Assim, quase na virada do ato, os personagens se confrontam por conta de seus sentimentos. Nesse momento, a conexão entre eles é tão poderosa que eles conseguem escutar os desejos internos dos outros, como se estivessem lendo mentes. Por mais que eles gritassem palavras como “deveríamos ficar juntos”, ou “somos amigos”, por dentro, era transmitido mensagens diferentes. Assim, aquela dor é tão grande que eles desmaiam. O ato acaba quando a tempestade termina e eles vão embora, cada um seguindo seu caminho, sozinhos.

Ato 3: A resolução e aprendizados

Por fim, o último ato é quando os personagens não possuem mais seus sistemas Kizunas e estão separados. Eles acreditam que se separando, podem evitar de sentir dores por conta de suas emoções negativas. No entanto, ao voltarem as aulas, eles começam a perceber que não é bem assim. Eles sentem a vontade de se conectarem, mesmo sem o sistema Kizuna. É mostrando também mais afundo o passado de Katsuhira e de Sonozaki, onde finalmente é demonstrado momentos cruciais sobre os sentimentos perdidos de Katsuhira.  

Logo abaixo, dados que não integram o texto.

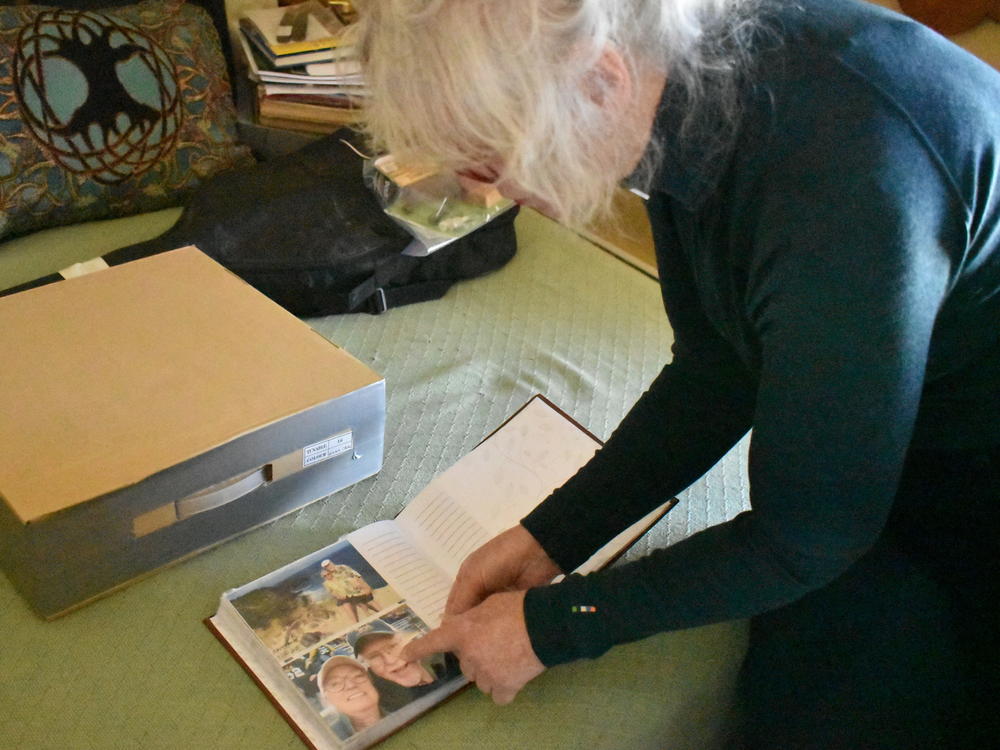 Jennifer Mitchell looks through pictures of travels with her husband, Bill. After Bill was discharged from the Montana State Hospital, Jennifer discovered he was taken off some of his congestive heart failure medications. He later suffered a cardiac arrest and died in hospice care.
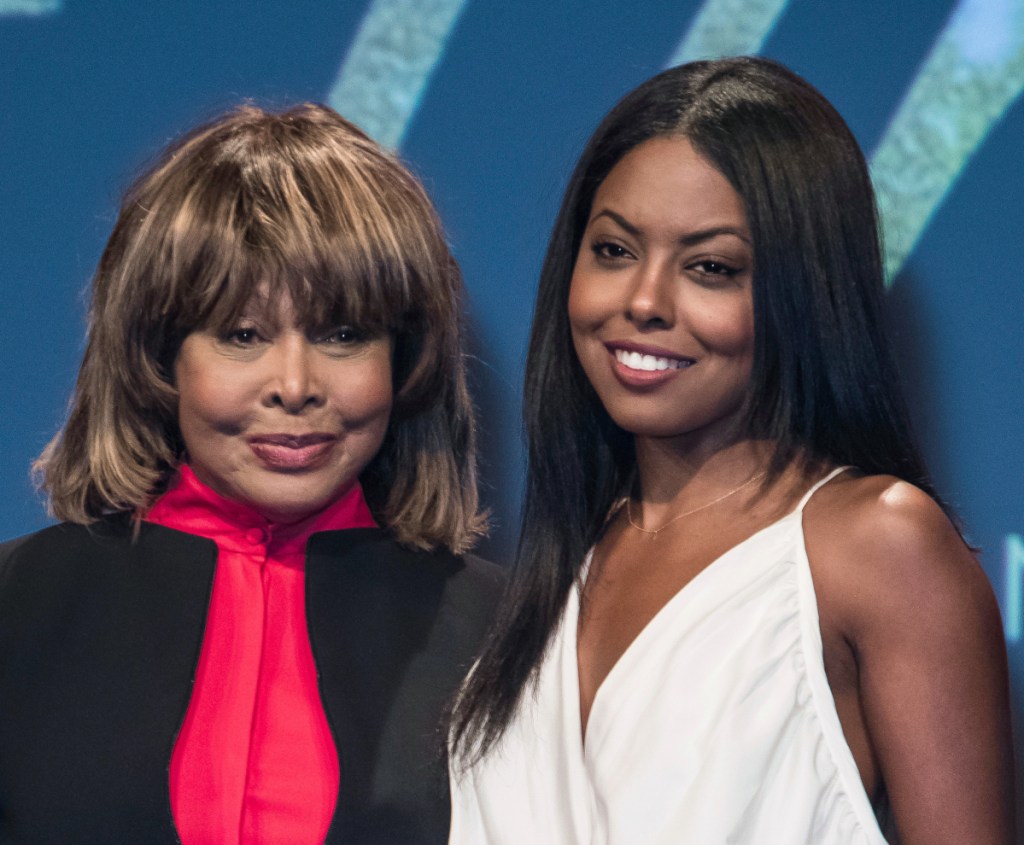 Tina Turner, left, poses with actress Adrienne Warren, who plays Turner in the musical "Tina." Turner attended opening night Tuesday and joined the cast on stage for the curtain call.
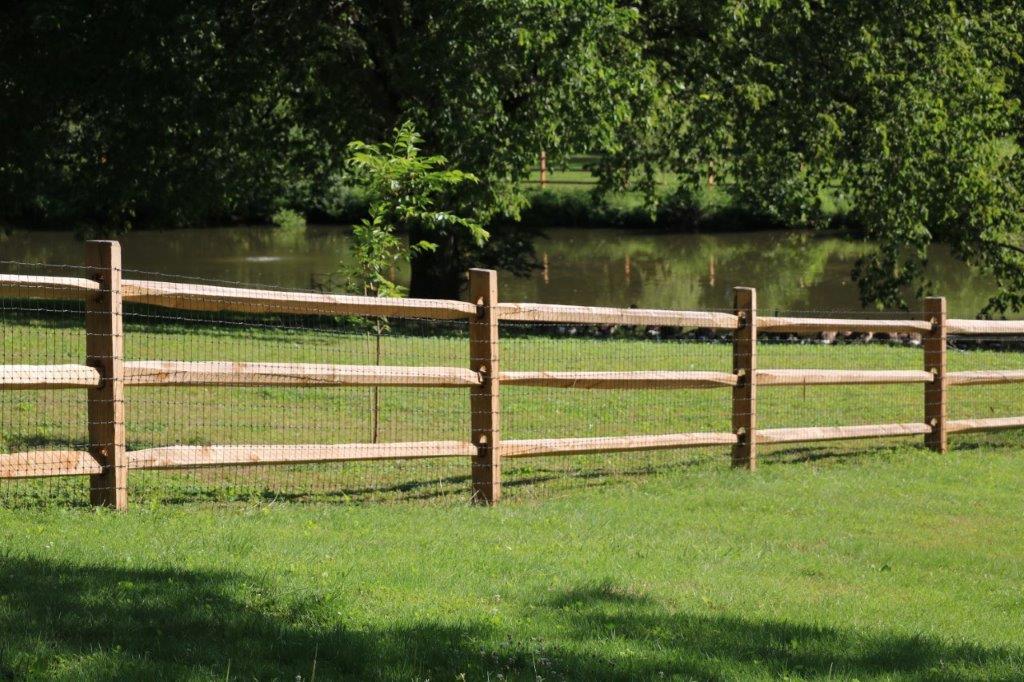 Wooden fence beside a grassy field with trees and a pond in the background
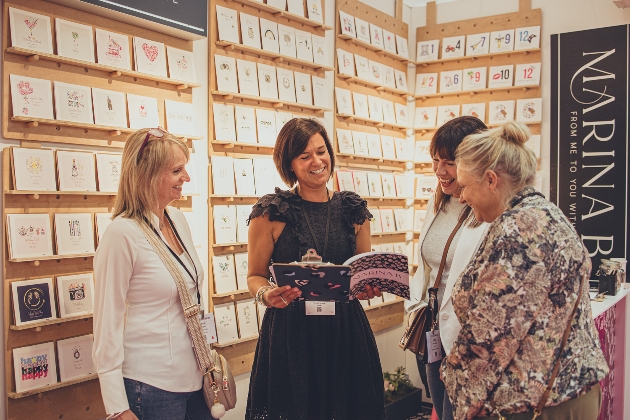 Four ladies chatting at a greeting card trade show stand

Passado de Katsuhira e Sonozaki

No entanto, o ponto principal do terceiro ato é o ponto mais dramático da trama, onde o confronto final ocorre. Quando os personagens se entendem, Sonozaki move seu plano, tentando conectar todos os cidadãos da cidade de Sugomori. É nesse momento que, ao enfrentarem Sonozaki, os personagens vão mostrar a transformação que eles passaram diante da história toda. Assim, na cena da ponte, os personagens demonstram essas mudanças, inclusive Katsuhira, que diz que deseja conectar com todos, mesmo não tendo sentimentos. 

Quando é resolvido o grande conflito do anime, vamos acompanhar os últimos momentos da história, onde outros elementos da linha narrativa se encerram. É mostrado então as relações de cada personagem e como cada um ficou: Chidori começa a pensar sobre os sentimentos de Tenga, enquanto Nico parece que aos poucos começa a desistir do valentão, tendo o apoio de Yoshiharu. Maki tenta, aos poucos, corresponder os sentimentos de Yuta, enquanto Sonozaki e Katsuhira parecem estar começando um relacionamento. Katsuhira também consegue recuperar seus sentimentos e a possibilidade de sentir dor. No entanto, a maior questão que o anime deixa é que todos ali agora são amigos, mesmo sem o sistema Kizuna para conectar eles.

A mensagem de Kiznaiver

O anime Kiznaiver é mais uma obra que propõe trabalhar com a importância das relações dos personagens. Os personagens, com personalidades fortes mas completamente diferentes, são juntados por conta de um sistema sobrenatural. Essa proposta, junto com os elementos que são trazidos durante a trama, é justamente para influenciar a construção de personagens e suas relações durante a narrativa. 

Quanto mais as relações destes personagens vão se fortalecendo, mais problemas o sistema Kizuna apresenta para eles, onde são expostos a cada evento que eles confrontam, mostrando os problemas e sentimentos de cada um ali. Essa proposta de conhecer mais afundo estes personagens faz com que a pessoa que estiver assistindo crie empatia, criando a ideia de humanidade para esses personagens. 

O sistema Kizuna então, por mais que faça esses personagens criarem relações, os mesmos percebem que eles não precisam desse sistema para se conectarem. Eles entendem a importância de criarem laços, de serem amigos, sem precisarem compartilhar dores e sentimentos por esse processo, e sim, eles podem aprender a confiarem um no outro aos poucos, para conseguirem compartilharem o que sentem de uma forma natural. 

Portanto, Mari Okada em Kiznaiver consegue trabalhar muito bem com os pontos de tensão no anime. Cada conflito tem seu momento certo para acontecer, de uma forma bem estruturada para a construção dos personagens e suas relações.